A glossary of FAIR terminology will be developed. The entries below come from the recent paper [HJA+22] from the IUPAC ‘FAIR Spec’ project and will be augmented with chemistry examples and addition entries as needed. Terms marked [RDA] are found/derived from this Research Data Alliance resource.

  • chemical structure identifier - A meaningful alphanumeric text string that can uniquely identify a chemical compound and facilitate its handling in computer databases string of characters that characterizes a structure. Examples include InChI and SMILES.

  • curation - The process of maintaining, preserving and adding value to data throughout its lifecycle. One aspect of curation is the design and creation of metadata associated with a digital collection. Curation can involve automated machine-based processes as well as manual or semi-automated cataloging of digital objects.

  • data - To a practicing chemist, it should be obvious that digital entities coming from a laboratory instrument constitute “raw data” (referred to herein as “datasets”). However, the word data as used here is a broader term. For our purposes, data includes the digital entities associated with spectroscopic data analysis. These might include peak lists or chemical shift, splitting, and integration descriptions in NMR spectroscopy, as well as 1D and 2D spectral assignments in relation to molecular structure. Chemical structure graphs (MOL, SDF, for example) also fall in this category.

  • data and metadata extraction - The primarily machine-based act of curation of one or more digital entities associated with a (spectroscopic) dataset carried out in order to generate value-added digital representations of that dataset. For example, the creation of a spectrum in JCAMP-DX format from an instrument-derived “raw” dataset and the creation of a PNG image or peak table from that spectrum, or the extraction of temperature, probe, and pulse sequence information from a dataset.

  • data management - The overall activity of organizing, maintaining, and cataloging data assets. We interpret this to be not just the activity of professional data managers, but also all the curation of data that takes place in the field during data collection and analysis.

  • data management plan - A type of plan usually described in a formal document that outlines how data are to be handled both during a research project and after the project is completed.

  • data model [RDA] - A data model is an abstract model that specifies the structure or schema of a data set.

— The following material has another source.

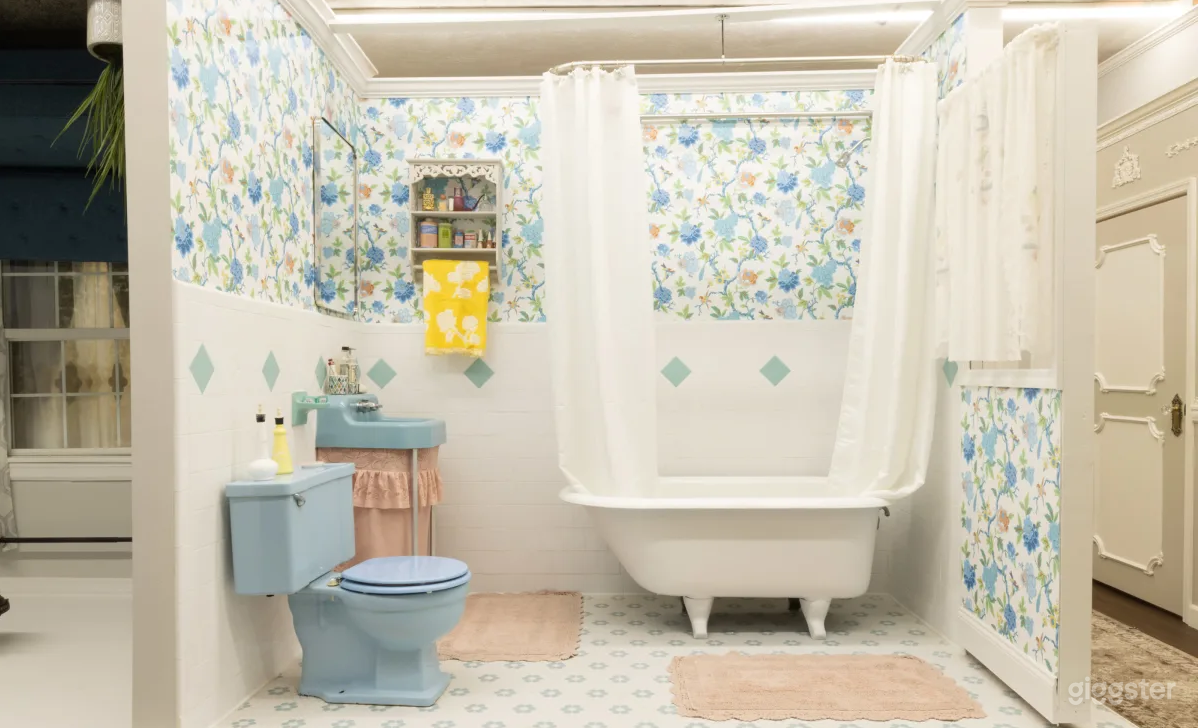 Fake Bathroom Production Studio Photo 1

We extend this definition to relate to the full set of digital objects associated with an IUPAC FAIRSpec Data Collection.

  • data provenance [RDA] - A type of historical information or metadata about the origin, location or the source of a digital object, or the history of the ownership or location of a digital object.

  • data repository - A service operated by organizations where data assets are stored, managed and made accessible. The repository contains data organized as digital objects and digital entities and is accompanied by descriptive metadata for these items. The three primary types of data repository are generalist (not domain-specific), specialist (domain-specific), and institutional (based at a research institution).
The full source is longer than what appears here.